→ Recorded data:

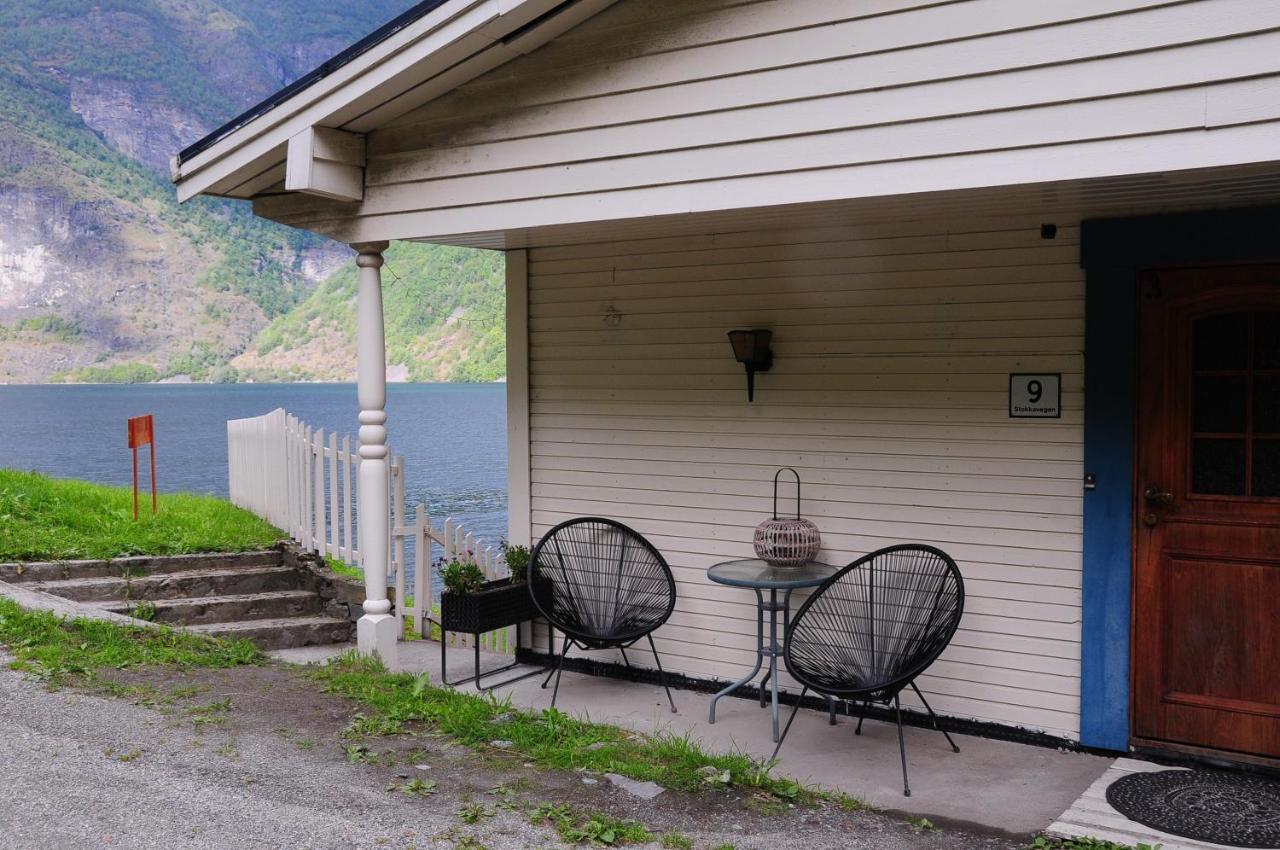 Visit 3* Undredal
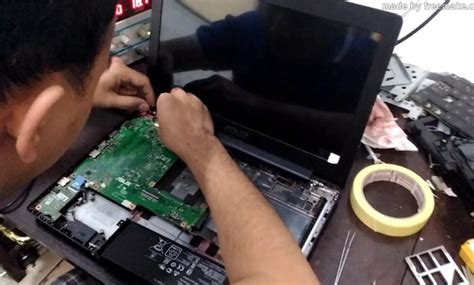 5 Rekomendasi Tempat Service Laptop Terbaik Dan Terdekat Di Jember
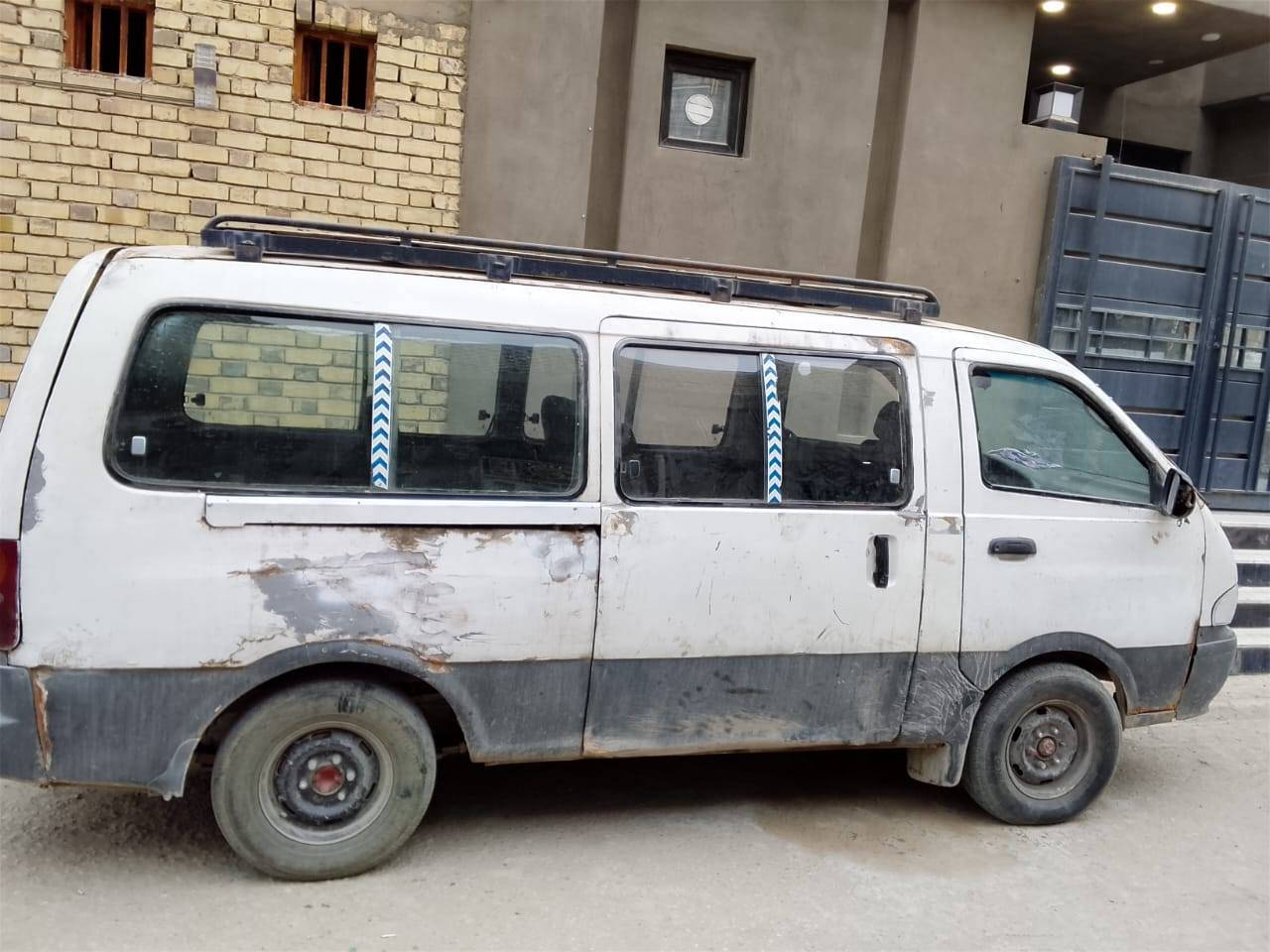 كيا بريجوللبيع العنوان #كوفه 30 ورقه وبيها مجال حك الجيه للستفسار ‏‪***********‬‏‏
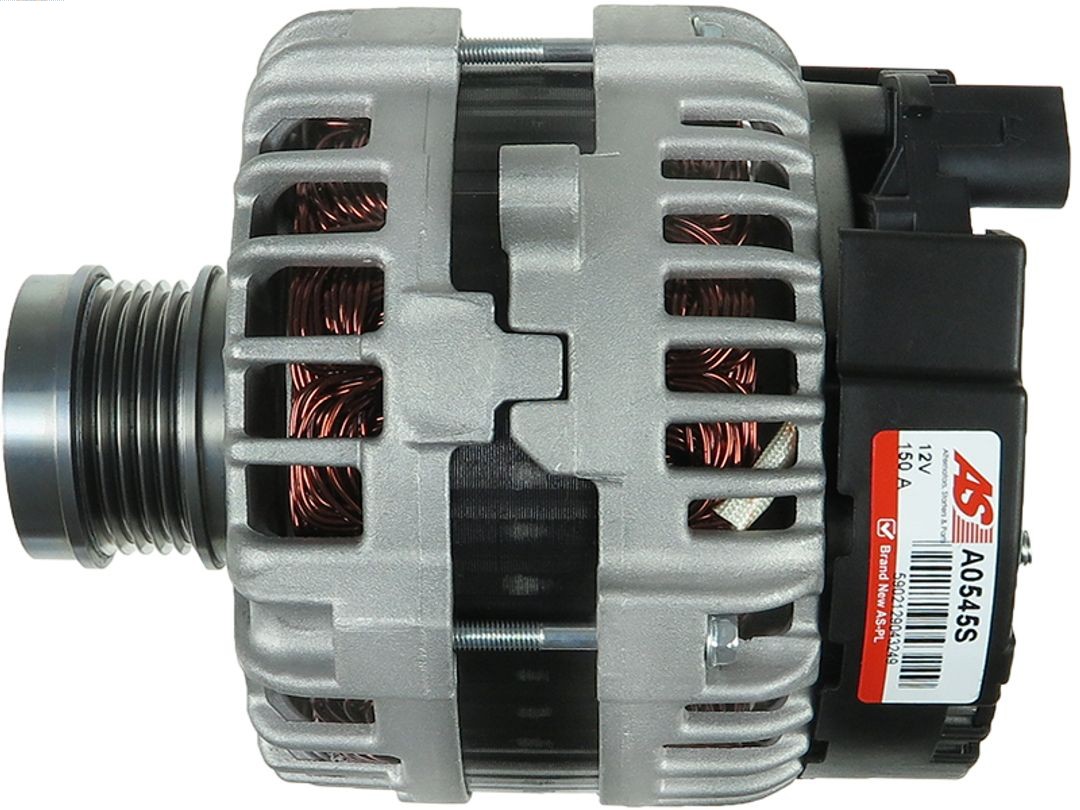 AS-PL Alternator/Dynamo A0545S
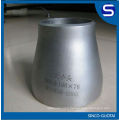 ANSI/ASME B16.9 304 Stainless Steel butt-welding Reducer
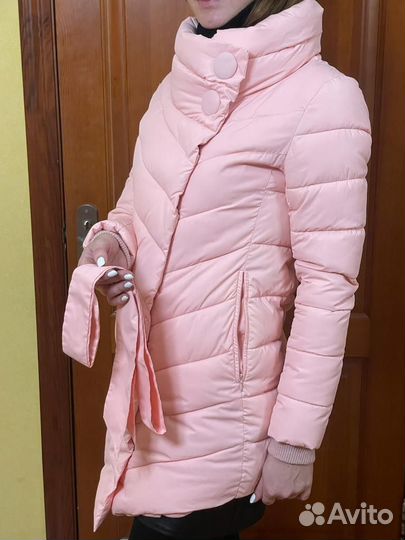 Куртка женская 44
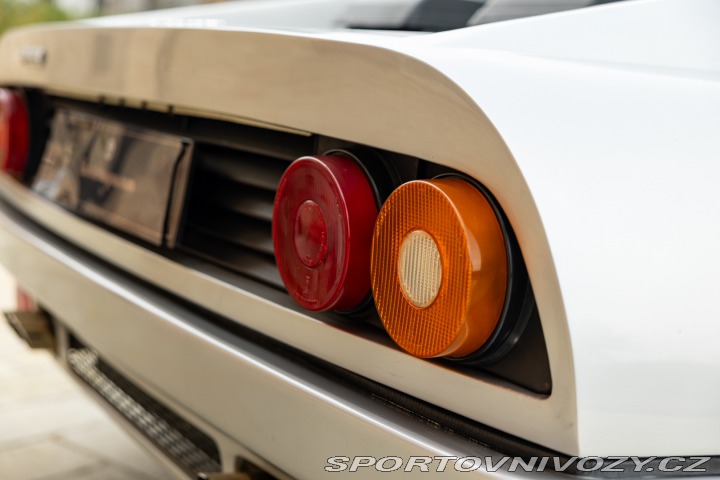 Ferrari 512 BB 1982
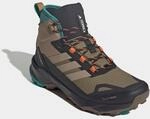 Winterstiefel ADIDAS TERREX "SKYCHASER AX5 MID GORE-TEX CLIMAWARM+", Herren,...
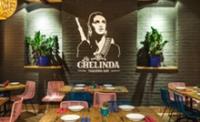 Abre un restaurante mexicano propio con La Chelinda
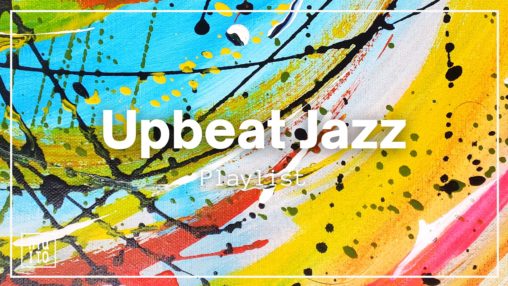 Upbeat Jazzサムネイル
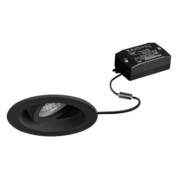 LED-Einbaustrahler 230V 38Gr., 3000K, rund 38063083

→ Exercise: Your task is to repeat exactly the lines from the one containing "Winterstiefel ADIDAS TERREX" through the end of the material, both included, and only those, without pictures.

→ Answer:
 Winterstiefel ADIDAS TERREX "SKYCHASER AX5 MID GORE-TEX CLIMAWARM+", Herren,...
 Abre un restaurante mexicano propio con La Chelinda
 Upbeat Jazzサムネイル
 LED-Einbaustrahler 230V 38Gr., 3000K, rund 38063083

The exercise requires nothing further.